まぁ、難しいというのはわかる。何が難しいって、それは傭兵の船に乗り込んでスパイ行為をするということそのものについての話だ。
そもそも、なんとかメイの目を掻い潜ってクリシュナや俺達に関する情報を集めたとしても、その情報を送る術が殆どない。一つや二つ隣り程度の星系で活動しているのであればともかく、俺達のような傭兵というのは場合によっては仕事を求めて十数星系から数十星系ほどもの距離を移動する。そんな遠方から情報を送るというのはなかなかに手間がかかるのだ。
スペース・ドウェルグ社は一応帝国内にいくつものコロニー所有する企業なので、別にブラド支社に情報を届ける必要はないのであろうが、それでもまぁ難しいのは間違いないだろう。
下手をすれば宇宙空間を航行中にスパイ行為が発覚し、そのまま生身で宇宙船の外に放り出される……なんてことも有り得るのだから。スパイ行為というものが姉妹にとってどれだけリスキーな行動なのか、ということに関しては議論の余地もない。そのような指示をスペース・ドウェルグ社が出すかということに関しても微妙なところである。
それよりも、スペース・ドウェルグ社の最新ロットの母船を有した俺が大活躍するほうがスペース・ドウェルグ社にとっては利益があるかもしれない。そう考えればわざわざ俺の不興を買うようなことはしないだろうとも考えられる。実際のところはどうだかわからんが。
「少なくともあたし達は会社から妙な指示はなんも受け取らんよ。兄さんに信用されるように身を謹んで、真摯な態度で接するように言われただけや」
「姉さんの言うとおりです。というか、そんなことを指示されても怖くて無理です。特にメイさんが」
「無理よな」
「無理だよね」
姉妹がお互いに頷きあっている。うん、それは俺もわかる。メイが監視しているのがわかっているのにメイの主である俺に不利益な行動を取るのは絶対に怖いだろう。俺が彼女達の立場でも絶対にそんなことはしない。会社に強く言われても絶対にNOだ。死にとうない。

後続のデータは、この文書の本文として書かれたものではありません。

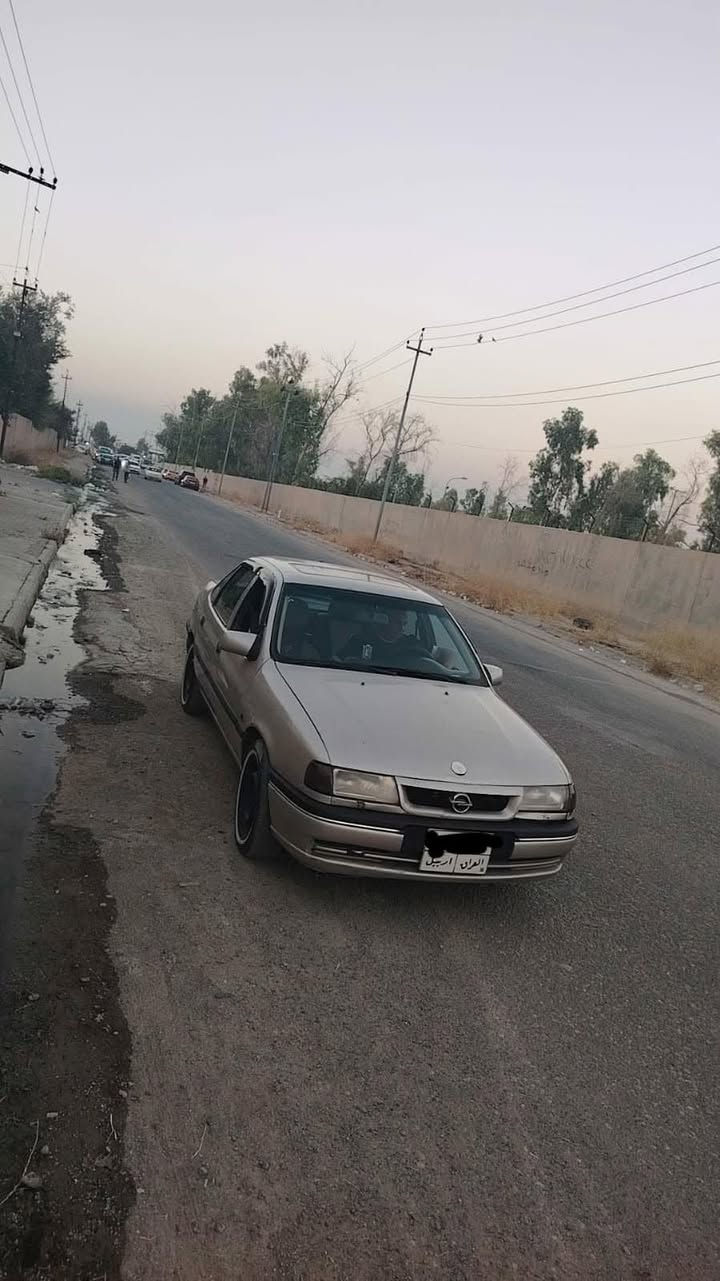 للبيع او مراوس بسياره حديثه الفرق نقد

حجم 20 
سنويه جديده
بطاقه بيها
موديل 92
بدون حادث
سياره جاهزه 
سعر مناسب جدا اتصل لو تلحك لو لا

‭***********‬
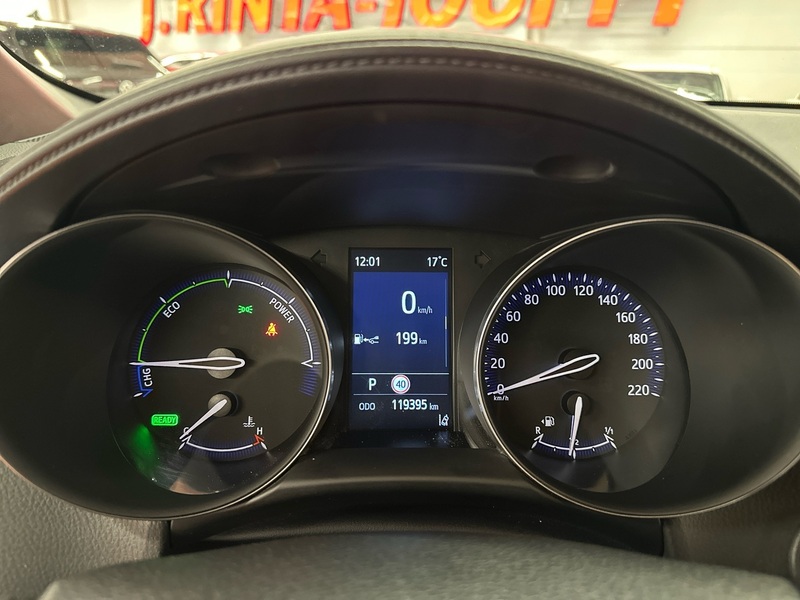 Toyota C-HR vaihtoauto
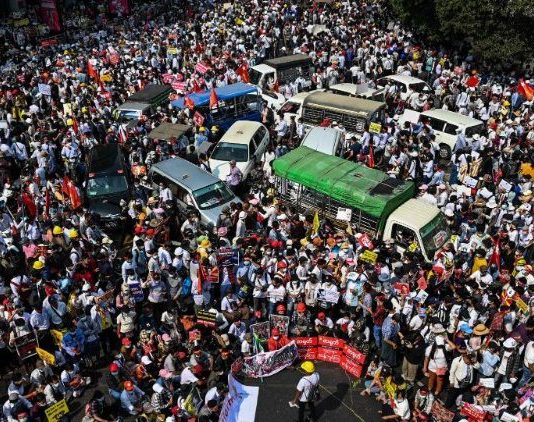 Myanmar’s bishops urge military to end violence, start dialogue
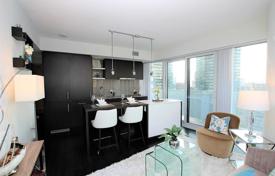 Apartment – Harbour Street, Old Toronto, Toronto,  Ontario,   Canada for C$1,273,000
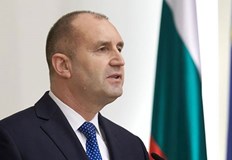 С друг указ държавният глава трябва да назначи служебно правителствоОчаква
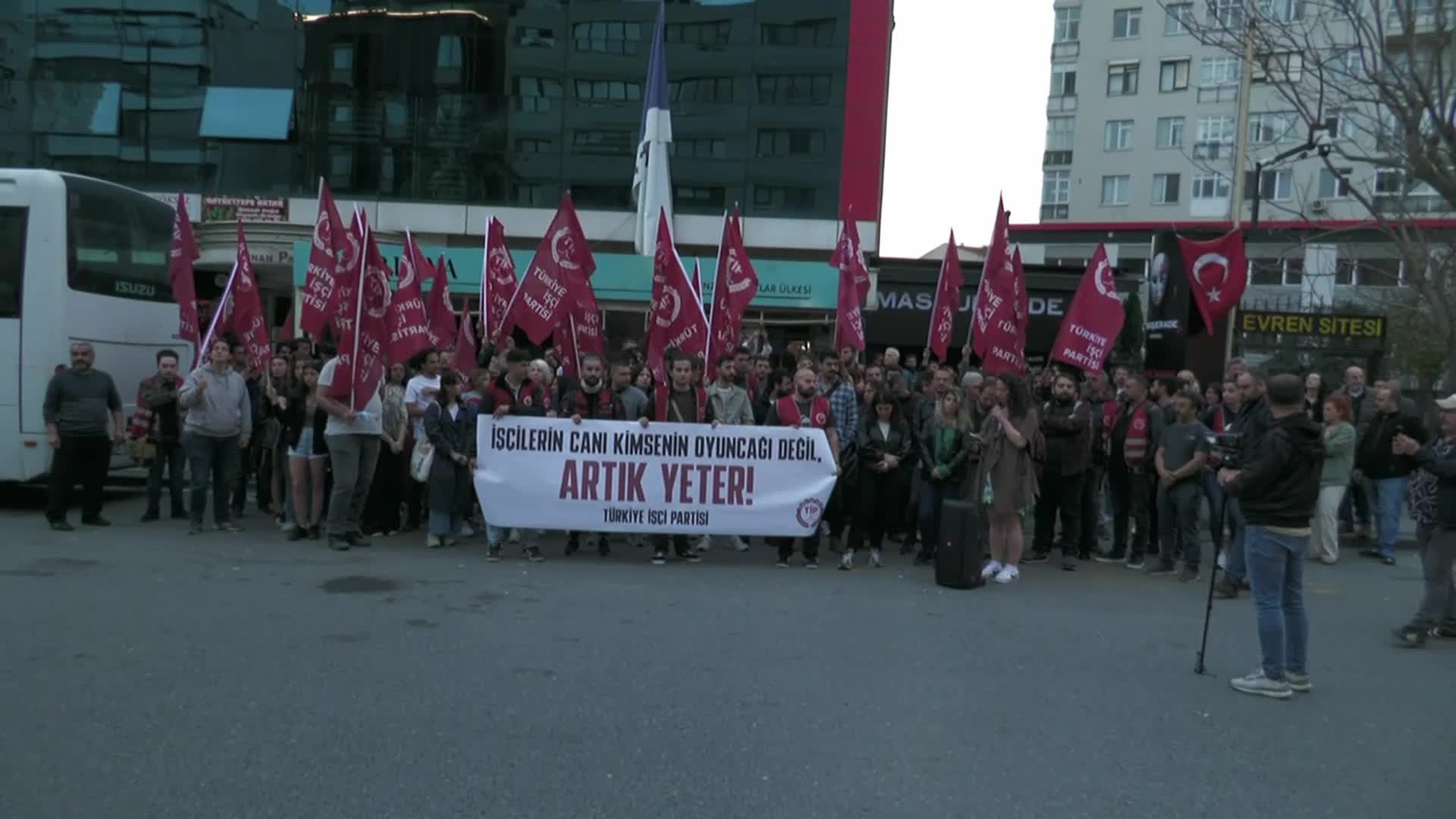 TİP İSTANBUL İL ÖRGÜTÜ, "ÜLKEMİZİ İŞÇİ MEZARLIĞINA ÇEVİRENLERDEN HESAP SORACAĞIZ"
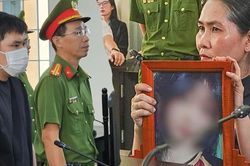 Tài xế tông chết nữ sinh luôn lắc đầu khi tòa hỏi, mẹ nạn nhân ngất xỉu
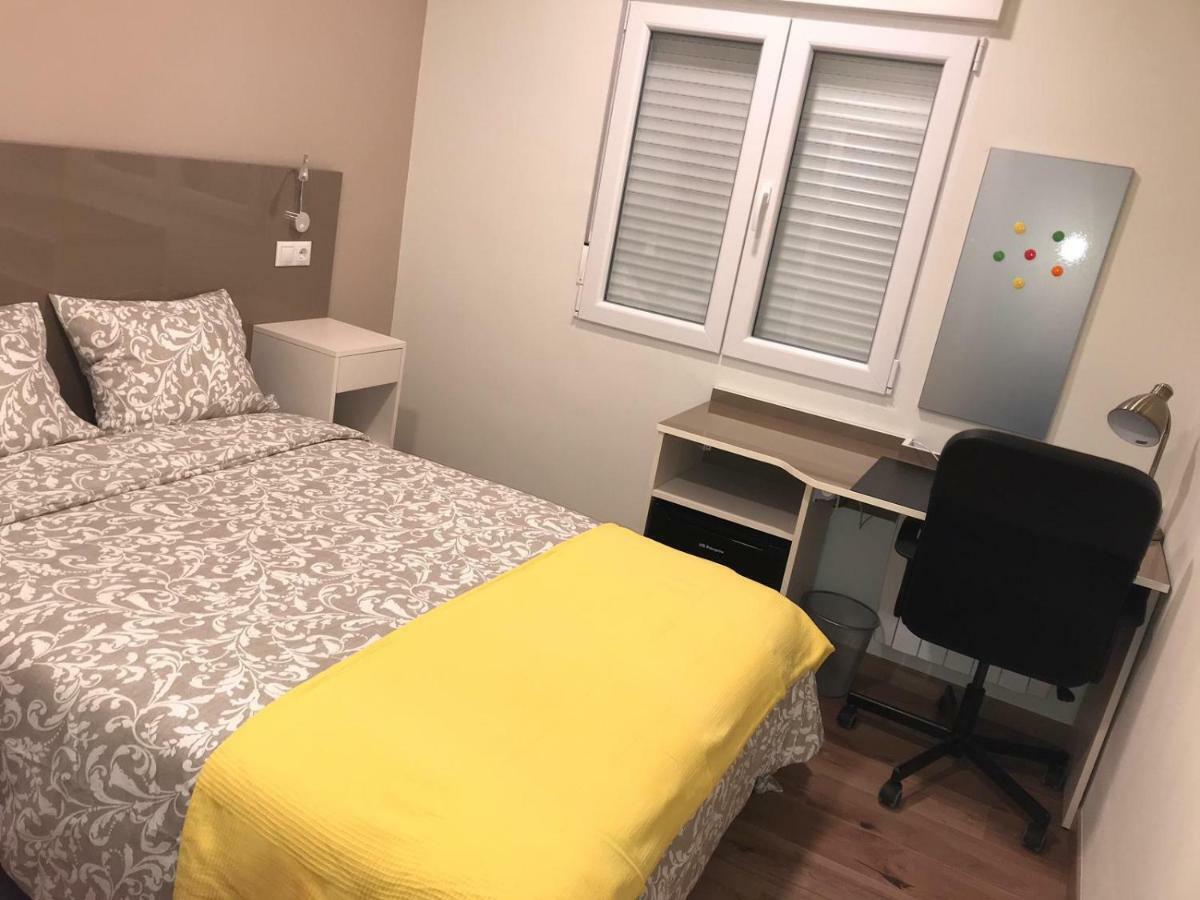 Residencia Compostela 2 Bed & Breakfast Сантяго де Компостела Екстериор снимка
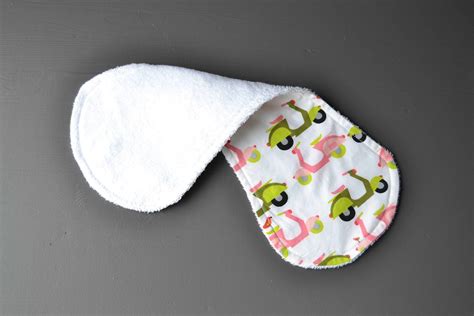 Download Free Contoured Baby Burp Cloth ITH | Applique Embroidery DXF Files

「はいはい、ギスギスした話はおしまい。これから同じ船に乗る仲間同士、仲良くしましょう」
「そうですね。まずは本艦のメインシェフにお茶でも淹れてもらいましょう」
「お、テツジンシリーズの最新製品積んでるんやったな。興味あるわ」
「えっと……」
ウィスカが上目遣いで俺の様子を窺ってくる。はいはい、俺が悪ぅございました。
「……デザートも美味しいぞ。オススメはプリンだ」
「楽しみです」
ウィスカがホッとしたような笑顔を浮かべる。気にはなるが、まぁ今は良いか。姉妹の歓待はミミに任せて俺は船のチェックをするとしよう。積荷も若干増えているはずだから、その配置も考えないとな。